Table of Contents

Class ShapleyValueFitDetectorOptions

Namespace
AiDotNet.Models
Assembly
AiDotNet.dll

Configuration options for the Shapley Value Fit Detector, which evaluates model fit quality by analyzing feature importance using Shapley values.

public class ShapleyValueFitDetectorOptions
Inheritance
ShapleyValueFitDetectorOptions
Inherited Members

Remarks

Shapley values, derived from cooperative game theory, provide a method for fairly distributing the "contribution" of each feature to the prediction made by a machine learning model. The Shapley Value Fit Detector uses these values to assess model fit by analyzing the distribution of feature importance. It identifies which features contribute significantly to the model's predictions and uses this information to detect potential overfitting (when the model relies too heavily on too few features) or underfitting (when the model distributes importance too evenly across many features).

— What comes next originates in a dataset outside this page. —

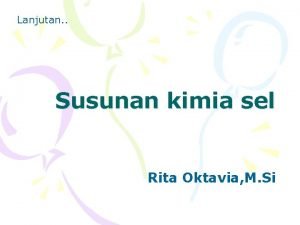 Lanjutan Susunan kimia sel Rita Oktavia M Si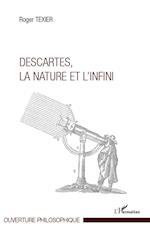 Descartes, la nature et l'infini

This class provides configuration options for the thresholds used in this analysis, including the cumulative importance threshold for identifying significant features, the number of Monte Carlo samples for calculating Shapley values, and thresholds for detecting overfitting and underfitting based on the ratio of important features.

For Beginners: This class helps evaluate if your model is using features appropriately.

Shapley values measure how much each feature contributes to your model's predictions:

  • They come from game theory and provide a fair way to distribute "credit" among features
  • They show which features are doing the heavy lifting in your model
  • They can reveal if your model is using features in a balanced way

The detector uses these values to identify potential problems:

  • Overfitting: When your model relies too heavily on just a few features (like memorizing the data)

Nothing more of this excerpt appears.